John Deere’s acquisition of the Waterloo Gasoline Engine Company in Iowa in 1918 was a controversial investment at the time.
Few critics believed in the future of tractors; most were convinced that farmers would continue to rely on traditional horsepower.
Today, John Deere manufactures tractors in 12 factories worldwide.
1. Worldwide celebrations
John Deere’s 100 years of success and innovation, from the Waterloo Boy to today’s ‘intelligent’ tractor (above), was recently celebrated at the company’s factories around the world. The Mannheim facility in Germany even organised a tractor parade through the city.
2 The Waterloo Boy
The Waterloo Boy Model N, manufactured from 1917 to 1924, was the first production tractor built and marketed by John Deere. It was also the subject of the first-ever Nebraska Tractor Test in 1920, which confirmed that the Model N 12-25 produced outputs of 12,1 drawbar and 25,51 belt horsepower (9kW and 19kW respectively).
3 To the UK
In 1918, several of the very early Waterloo Boys were shipped to the UK, where they were renamed the ‘Overtime Tractor’. Harry Ferguson was the agent for Overtime Tractors in Belfast and the machines sparked his interest in the new technology, leading to his many inventions and innovations. Seen here is the Ertl scale model Overtime tractor on my desk.
4 The Model D
The first green-and-yellow production tractor branded John Deere was the Model D, manufactured from 1923 to 1953. This was the longest production run of any farm tractor, and more than 160 000 were built. The two-cylinder engine had a distinctive exhaust note, earning the Model D the nickname ‘Johnny Popper’.
5 The General-Purpose
The GP (General-Purpose) model that appeared in 1928 was the first John Deere tractor with a power lift for raising attached implements.
6 The Model A
This model was manufactured from 1934 until 1952, by which time 328 000 had been built. In the US it was usually sold as a tricycle row-crop model and incorporated numerous innovations, such as an adjustable wheel track through the use of splined hubs.
7 The Mannheim connection
In 1956, John Deere purchased tractor manufacturer Heinrich Lanz AG in Mannheim, Germany, expanding its manufacturing business into Europe for the first time.
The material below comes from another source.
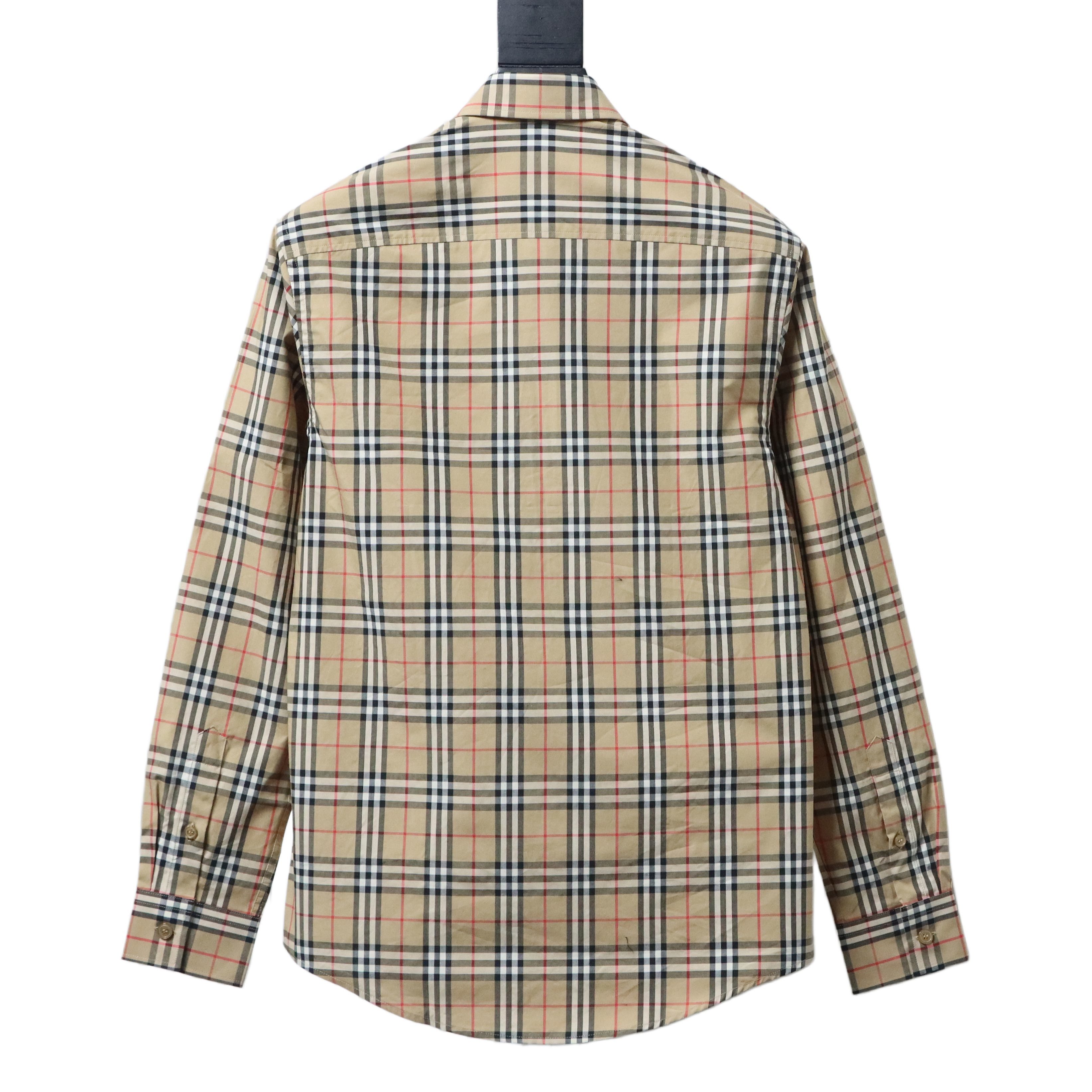 EM Sneakers Burberry Small Scale Check Long Sleeve Shirt Beige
Lanz had a long history in the tractor industry, having introduced the famous Lanz Bulldog in 1921.
8 Record breaker
John Deere’s ‘New Generation’ series was introduced in 1960. The JD 4020, manufactured from 1963 to 1971, was the most successful of the series, becoming the most widely sold single tractor model of all time, with total sales of 175 000. It helped John Deere claim the title of worldwide tractor sales leader for the first time.
Joe Spencer is the mechanisation editor of Farmer’s Weekly.